ITA Airways, miliardi pubblici per farla decollare. Ma chi ci ha guadagnato davvero?

La Corte Costituzionale, con la sentenza n. 99 dell’8 luglio 2025, ha stabilito che non vi sia continuità tra Alitalia e ITA Airways, legittimando la scelta di non reintegrare i lavoratori esclusi dalla nuova compagnia. Ma se la questione giuridica appare chiusa, quella economica è tutt’altro che archiviata. Perché dietro la separazione formale, resta l’interrogativo: quanti soldi pubblici sono stati impiegati per costruire ITA e dove sono finiti i vantaggi per il Paese?

ITA Airways, miliardi pubblici per farla decollare. Ma chi ci ha guadagnato davvero?

ITA è nata nel 2021 come creatura interamente pubblica. Lo Stato ha investito oltre 1,3 miliardi di euro in tre anni per farla partire. A questo si aggiungono i finanziamenti concessi alla vecchia Alitalia, tra cui i noti prestiti-ponte per circa 1,3 miliardi, in gran parte non recuperati. Ma la spesa non finisce qui: con l’esclusione di circa 2.000 lavoratori, lo Stato ha dovuto sostenere ammortizzatori sociali e politiche passive, per un esborso che supera i 150 milioni di euro in tre anni. A conti fatti, oltre 2,8 miliardi di risorse pubbliche sono stati impiegati nella transizione tra vecchia e nuova compagnia.

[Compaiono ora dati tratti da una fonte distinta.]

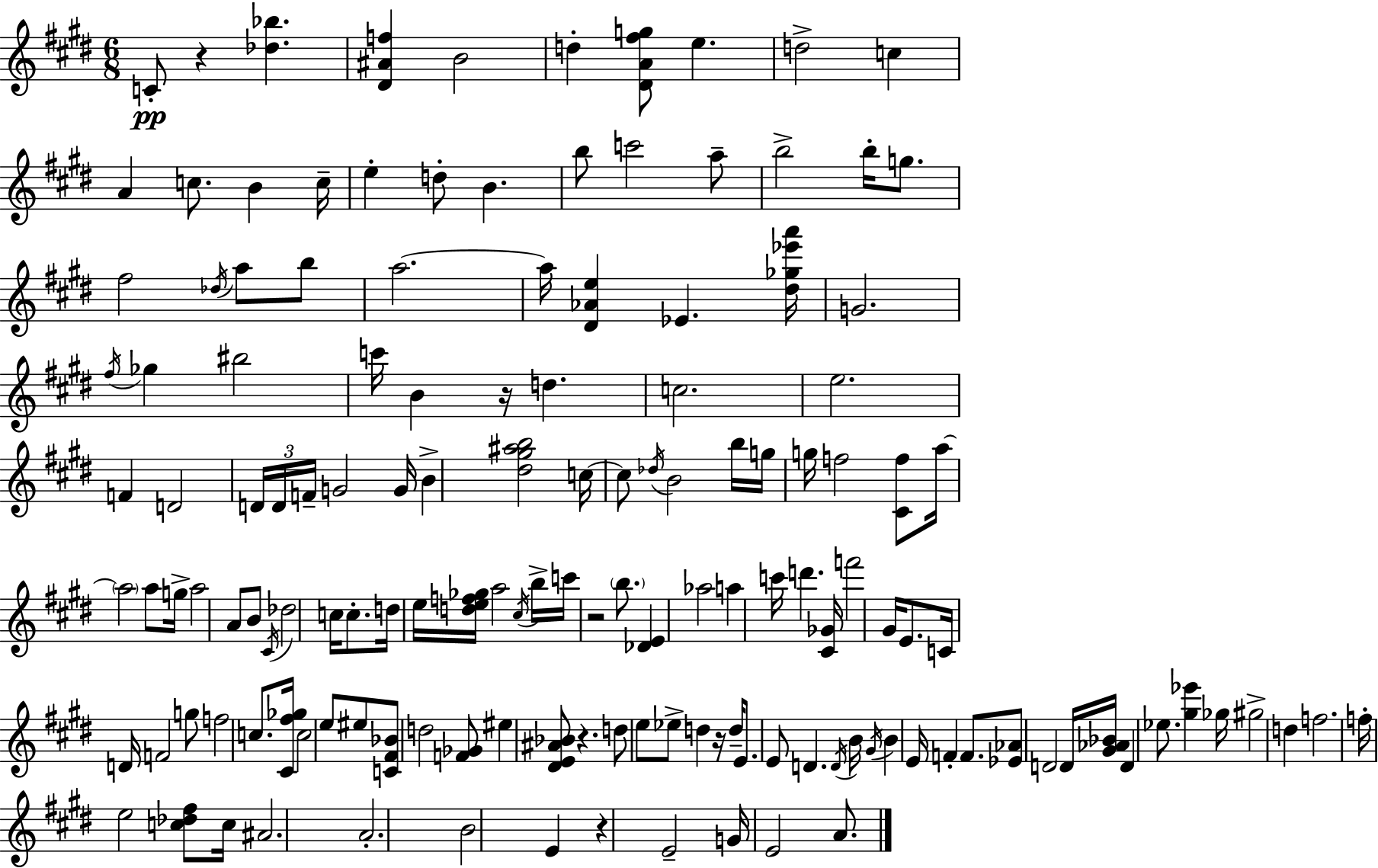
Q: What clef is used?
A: treble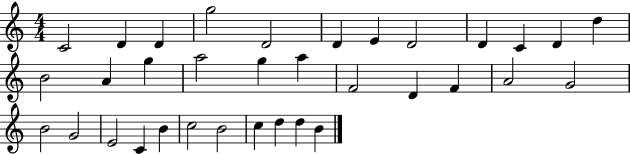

Gli slot, asset strategici mai valorizzati
Uno degli elementi più delicati riguarda gli slot aeroportuali — i diritti di decollo e atterraggio in aeroporti chiave come Linate, Fiumicino e Heathrow — trasferiti da Alitalia a ITA senza procedura di gara. In assenza di continuità aziendale, le norme europee prevedono che quegli slot vengano riassegnati in modo trasparente. Invece sono passati direttamente alla nuova compagnia, senza alcuna compensazione economica per lo Stato. Secondo stime non ufficiali, il valore complessivo di quei diritti avrebbe potuto superare i 250 milioni di euro. Un’occasione persa, che oggi pesa come un buco sul bilancio pubblico.

I lavoratori esclusi e la reputazione del sistema
La scelta di non includere i dipendenti Alitalia ha avuto un impatto non solo economico, ma anche reputazionale. Professionisti esperti del settore sono stati lasciati a terra senza prospettive chiare di ricollocamento, contribuendo a una narrazione di discontinuità sociale oltre che industriale. Il messaggio lanciato al mondo del lavoro è stato quello di una ristrutturazione a carico dei più deboli, mentre le strutture operative venivano rese appetibili per investitori esteri. Una dinamica che ha minato la fiducia nei percorsi di transizione controllata promossi dalle istituzioni.

L’ingresso di Lufthansa: prezzo politico o scelta strategica?
Nel 2024, Lufthansa ha acquisito il 41% di ITA Airways per 325 milioni di euro. Il piano prevede l’aumento della partecipazione fino al 90%, lasciando allo Stato italiano un ruolo sempre più marginale. A fronte di quasi 3 miliardi di fondi pubblici investiti, l’ingresso del partner tedesco appare come una svendita in condizioni favorevoli, senza clausole forti di tutela del presidio industriale sul territorio italiano. Non sono state previste garanzie occupazionali, né obblighi di mantenimento degli hub italiani. La compagnia, alleggerita da ogni zavorra, è stata ceduta pronta all’uso.

Una strategia a saldo negativo?
ITA Airways chiude il bilancio 2024 ancora in perdita, con un rosso operativo di oltre 200 milioni di euro. I ricavi crescono, ma l’equilibrio finanziario è lontano. Il nuovo partner industriale potrà contribuire al rilancio? Forse. Ma nel frattempo, l’Italia ha speso molto e raccolto poco. L’operazione, più che un investimento strategico, sembra essersi tradotta in un percorso di alleggerimento per rendere la compagnia appetibile a costo zero per un colosso europeo. E nel gioco dei costi e dei benefici, a oggi lo squilibrio resta evidente.

Chi ha pagato? Lo Stato. Chi ha ottenuto il controllo? Lufthansa. Chi è rimasto a terra? I lavoratori. Il conto è ancora aperto.